How to Make Money on the Internet

While researching our recent problem with the PlayStation 3, I found lots of people eager to make money on the Internet. Here’s one method that nearly worked on me:

  1. Identify a real problem, such as the Blinking Red Light of Death on the PS3, that costs time and money to fix.
  2. Assemble a repair guide for the problem. It could be real or fake, whichever you prefer.
  3. Build a website to sell your repair guide.
  4. Post fake reviews around the Internet that make your repair guide sound like the only good solution. Use search engine optimization (SEO) techniques to ensure that your site rises to the top of the search results.
  5. Recruit other greedy people to repeat Step 4 for you. Promise them a 75 percent commission for every sale. Provide them with fake reviews, banner ad graphics, web forum signature links, and other tools to help them drive traffic to your site.
  6. Anticipate that people might wonder whether your repair guide is a scam.
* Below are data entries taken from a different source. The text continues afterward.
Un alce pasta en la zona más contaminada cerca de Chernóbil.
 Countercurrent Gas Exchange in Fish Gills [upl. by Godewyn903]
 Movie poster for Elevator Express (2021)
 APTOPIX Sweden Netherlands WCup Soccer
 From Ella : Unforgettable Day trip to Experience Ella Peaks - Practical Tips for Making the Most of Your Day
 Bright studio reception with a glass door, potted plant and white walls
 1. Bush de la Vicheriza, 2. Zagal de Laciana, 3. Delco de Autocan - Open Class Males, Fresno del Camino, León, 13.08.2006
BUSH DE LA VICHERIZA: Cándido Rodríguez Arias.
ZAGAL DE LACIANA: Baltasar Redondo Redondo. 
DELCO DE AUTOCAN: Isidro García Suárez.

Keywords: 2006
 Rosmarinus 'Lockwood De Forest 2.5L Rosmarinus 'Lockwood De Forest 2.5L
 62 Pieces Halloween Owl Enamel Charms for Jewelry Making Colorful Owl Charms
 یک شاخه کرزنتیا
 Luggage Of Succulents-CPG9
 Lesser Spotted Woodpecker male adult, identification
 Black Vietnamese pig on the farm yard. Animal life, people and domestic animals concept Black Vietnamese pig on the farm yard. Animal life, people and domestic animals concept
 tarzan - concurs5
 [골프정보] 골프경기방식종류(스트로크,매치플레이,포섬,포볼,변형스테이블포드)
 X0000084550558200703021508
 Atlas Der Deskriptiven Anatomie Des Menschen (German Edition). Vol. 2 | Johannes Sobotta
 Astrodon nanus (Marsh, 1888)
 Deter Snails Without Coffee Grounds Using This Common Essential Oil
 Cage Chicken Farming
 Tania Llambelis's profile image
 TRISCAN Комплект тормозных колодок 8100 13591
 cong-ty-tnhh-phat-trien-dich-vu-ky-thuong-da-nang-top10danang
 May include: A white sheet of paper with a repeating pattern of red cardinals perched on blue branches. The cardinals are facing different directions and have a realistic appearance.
Post more fake reviews specifically affirming that it’s not a scam. Use SEO to ensure that these reassuring fake reviews are near the top of the search engines when a user searches for “is [your product] a scam?”
  7. Watch the money roll in.

The site in question, or one of them at least, is http://www.ps3lightsfix.com/. After learning about the darker side of this “product”, partly through their hidden “affiliates page“, I decided to keep my $37. Honestly, I don’t know whether this repair guide is any good or not. It might be wonderful. However, its shady marketing techniques make me suspicious. I can’t even find a real review of it because the author and his minions have posted so many fake ones.

Instead I found a free video guide that a kind and helpful person named Gilsky posted on YouTube. I tried it, and it worked. Unfortunately, since I am an amateur, I damaged two other components in the process, so our PS3 is still unusable. I’m probably going to sell it for parts and use the money to replace it at some point.